いざ着る時になってカビや虫害等のトラブルで着られない……そんなトラブルに遭わないように、正しいお手入れ方法や保管方法を知っておきましょう。
喪服着物の着用後は「陰干し」が鉄則!
喪服着物・礼服着物を着たあとは、とにかくまず「陰干し(かげぼし)」をしましょう。陰干しとは、直射日光に当たらない「陰」で着物を干して、水分を飛ばすことを言います。

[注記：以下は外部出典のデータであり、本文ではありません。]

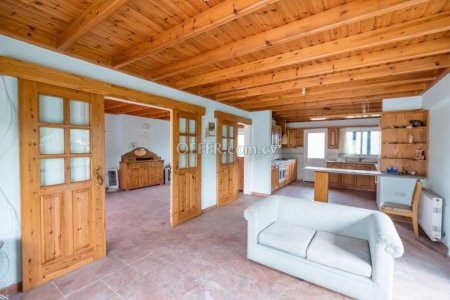 New For Sale €420,000 House (1 level bungalow) 3 bedrooms, Detached Agios Epifanios Oreinis Nicosia - 9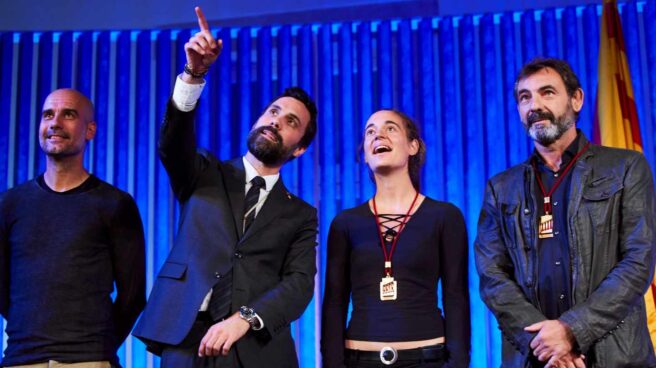 Guardiola, junto a Roger Torrent, Carola Rackete y Óscar Camps (Open Arms).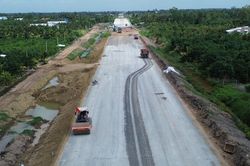 Đồng Tháp: Tháo gỡ các 'điểm nghẽn', đẩy mạnh giải ngân vốn đầu tư công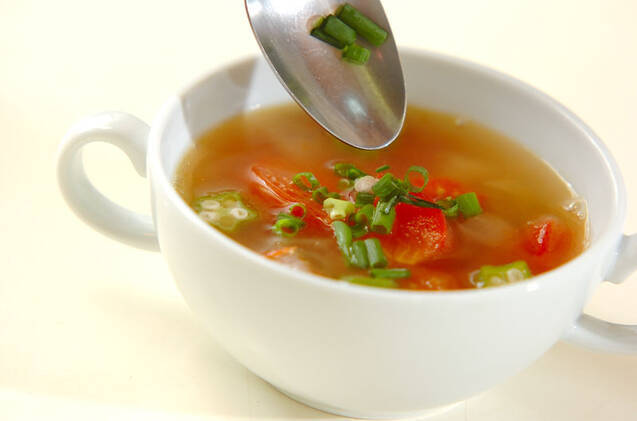 オクラとトマトのスープの作り方の手順6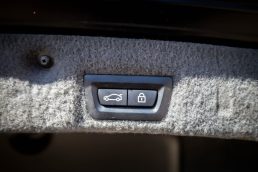 BMW 730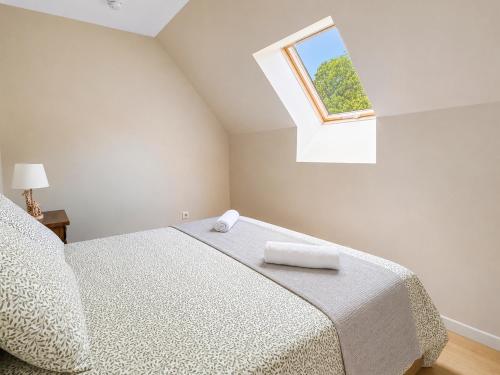 a bedroom with a bed and a window at Maison rénovée 4 chambres, calme et convivialité in Mousseaux-lès-Bray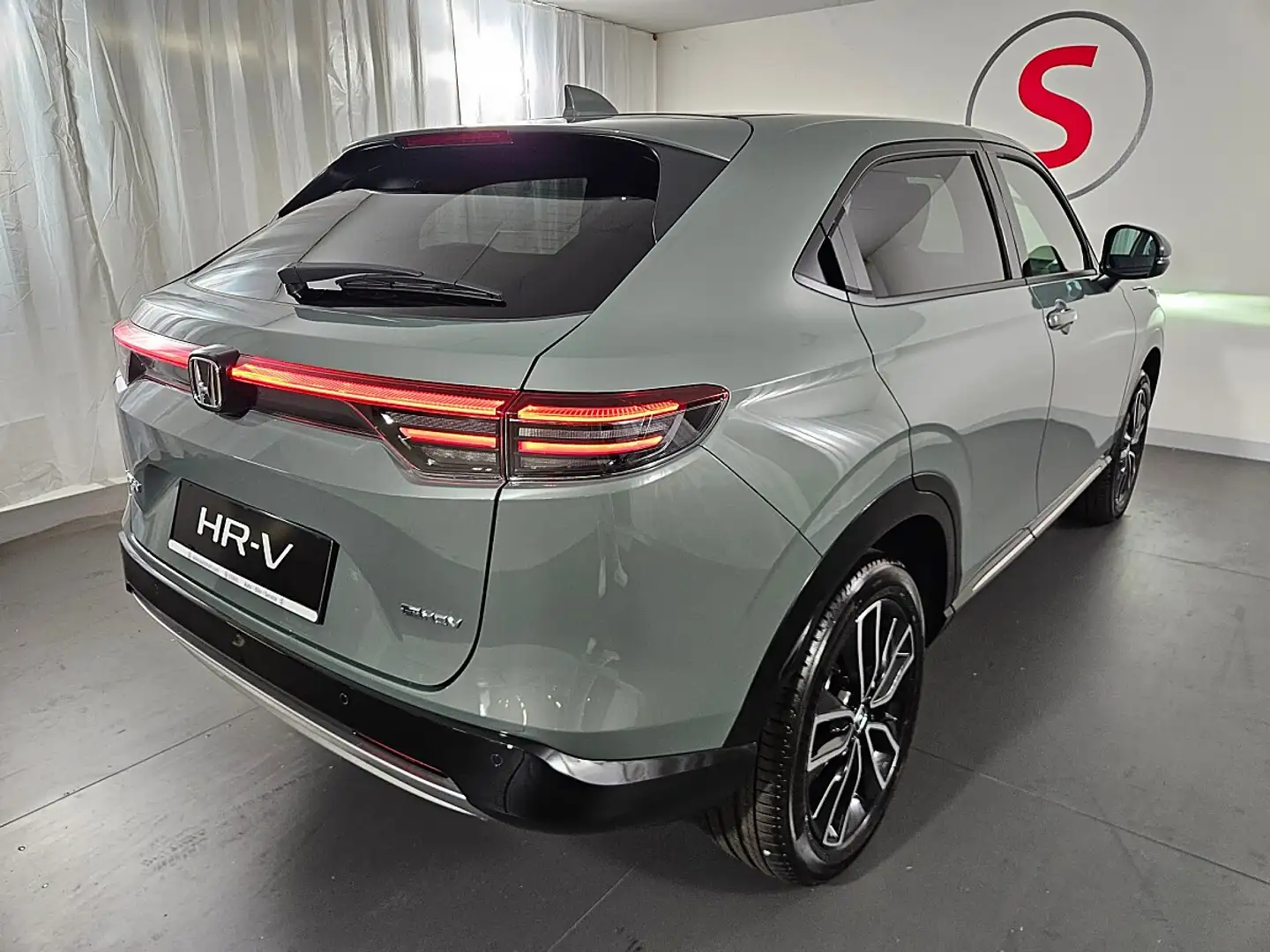 Honda HR-V Hybrid Advance Aut. | Auto Stahl Wien 23 Grün - 2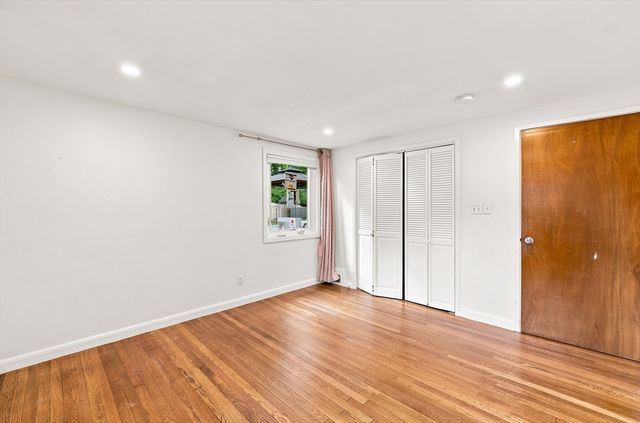 8 Patterson Rd 8, Lexington, MA 02421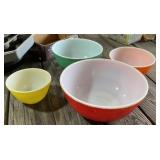 4 pc Pyrex Mixing Bowls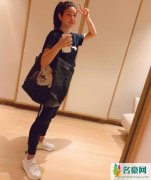 陈妍希背环保袋玩自拍 高扎马尾对镜比耶心情佳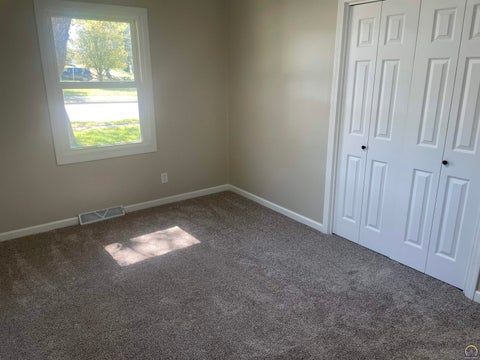 Tiny photo for 5324 SW 33rd St, Topeka, KS 66614 (MLS # 246877)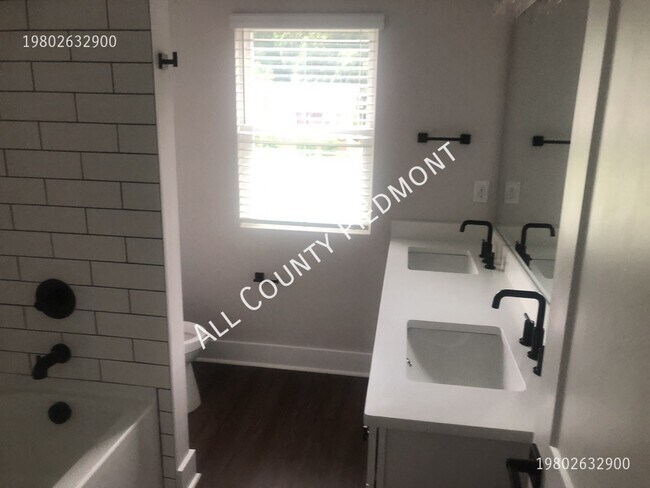 Building Photo - 3217 Credenza Rd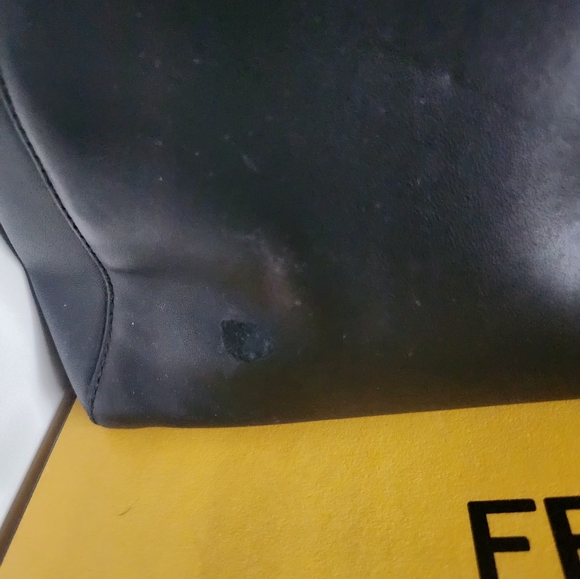 SOLD!Original FENDI peekaboo - Picture 15 of 15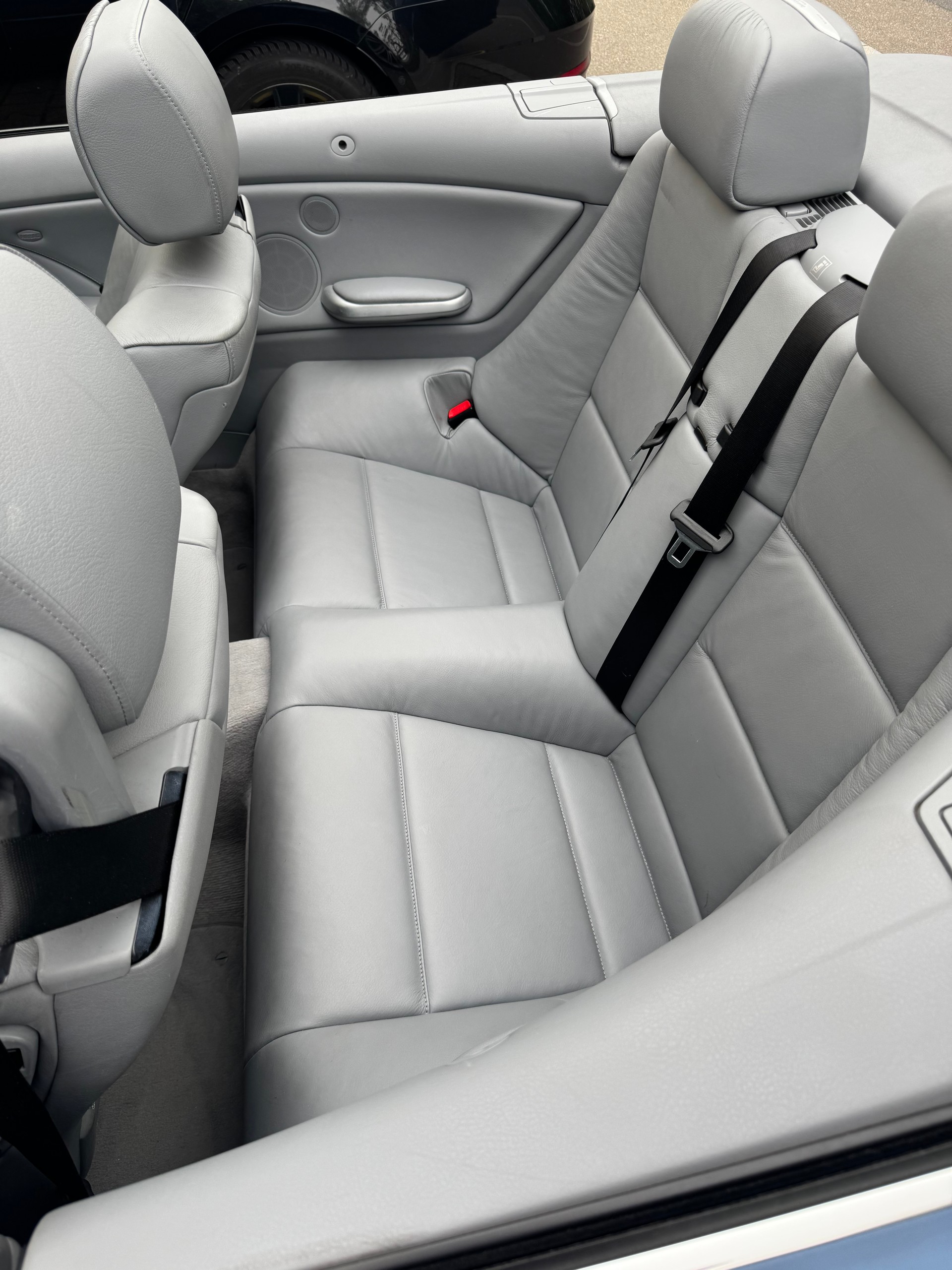 BMW 330Ci-image-10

着物の繊維の中には1回の着用だけでもたくさんの汗等の水分が貯まるものです。そのまま保管をしたり放置すると、その水分の湿気によって「カビ菌」が発生したり、「虫」を呼び寄せて「虫食い」になることも。様々なトラブルを回避するために、とにかく水分を飛ばすのが大事!というわけですね。
【陰干しの方法】
- 屋外(庭やベランダ)または屋内の直射日光の当たらない、風通しの良い場所を選びます。
- 着物用ハンガーか物干しに着物をかけます。
- 1日~2日程度干します。(屋外の場合は夜間は取り込みます)
室内干しの場合は、エアコンや除湿機を使うのも有効。また扇風機等で冷風を優しく当てても良いですよ。陰干し中には全体をよくチェックして、汚れがついていないか確認しましょう。
汗をかいたら「汗抜き」を
夏の着用や暖房機の傍等で汗をかいた…このような場合には、長襦袢だけでなく喪服着物・礼服着物にも汗が染み込んでいる可能性が高いです。汗にはマグネシウム等のミネラルが含まれており、時間が経つと繊維を変色させてしまいます。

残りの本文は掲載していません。